Au-delà de la polémique sur les multiples voyages du président congolais, que va chercher Félix Tshisekedi à l’étranger ? Décryptage des axes de la (nouvelle) politique extérieure de la RDC.


Pas moins de 31 voyages en dehors du pays en onze mois. Visites officielles, conférences, panels, forums… Depuis qu’il est arrivé aux affaires fin janvier, Félix Tshisekedi a déjà passé plus d’un mois dans les avions. Tenez, parmi les neuf pays limitrophes de la RDC, seul le Soudan du Sud n’a encore vu atterrir sur son sol le VistaJet Bombardier ou l’un des appareils de la flotte de Qatar Executive qu’affrète le nouveau chef de l’État congolais. « Ça ne saurait tarder : le président s’était engagé à se rendre dans tous les États voisins », nous confie un de ses collaborateurs quelques heures avant de s’envoler, le 1er décembre, pour la Centrafrique.

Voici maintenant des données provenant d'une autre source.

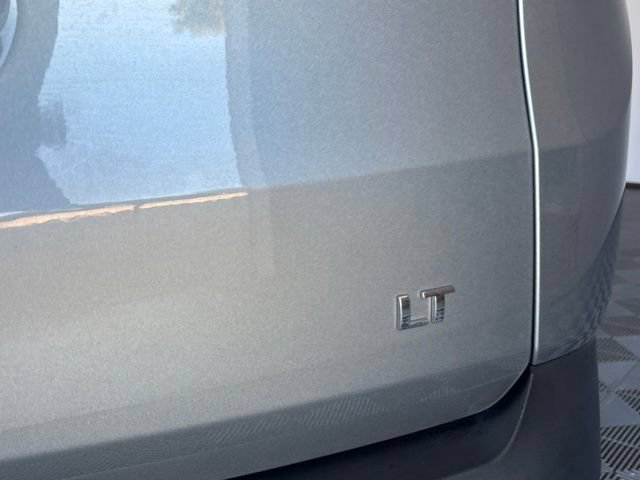 Used 2023 Chevrolet Traverse LT w/ Rear Camera Mirror Package AWD/4WD image 26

La fréquence de ces voyages est telle qu’elle commence à soulever des interrogations dans l’opinion publique congolaise sur l’utilité de tous ces périples présidentiels hors du territoire national. « À ceux-là, je leur dis qu’on a déjà ramené plus d’un milliard et demi [de dollars]  grâce à ces voyages. Des voyages qui n’ont même pas coûté 50 millions de dollars », a rétorqué mi-novembre Félix Tshisekedi devant la communauté congolaise, en marge du Forum de Paris sur la paix.

Axe 1 : l’argent

Mais si ce montant avancé représente plus des promesses de divers partenaires que de nouveaux appuis financiers concrets, Félix Tshisekedi a dévoilé là l’un des axes majeurs de son positionnement stratégique : la quête de fonds. Pour mettre en application son programme de gouvernement à 20 piliers, en coalition avec le camp de son prédécesseur Joseph Kabila, le nouveau président recherche avant tout de l’argent. D’autant que le budget 2020 du pays a été brusquement réévalué à 10 milliards de dollars. Il était estimé à 5,9 milliards de dollars pour l’exercice en cours. Un choix politique loin d’être réaliste quand l’on connaît les défis auxquels la RDC est confrontée et ses difficultés à mobiliser les recettes internes.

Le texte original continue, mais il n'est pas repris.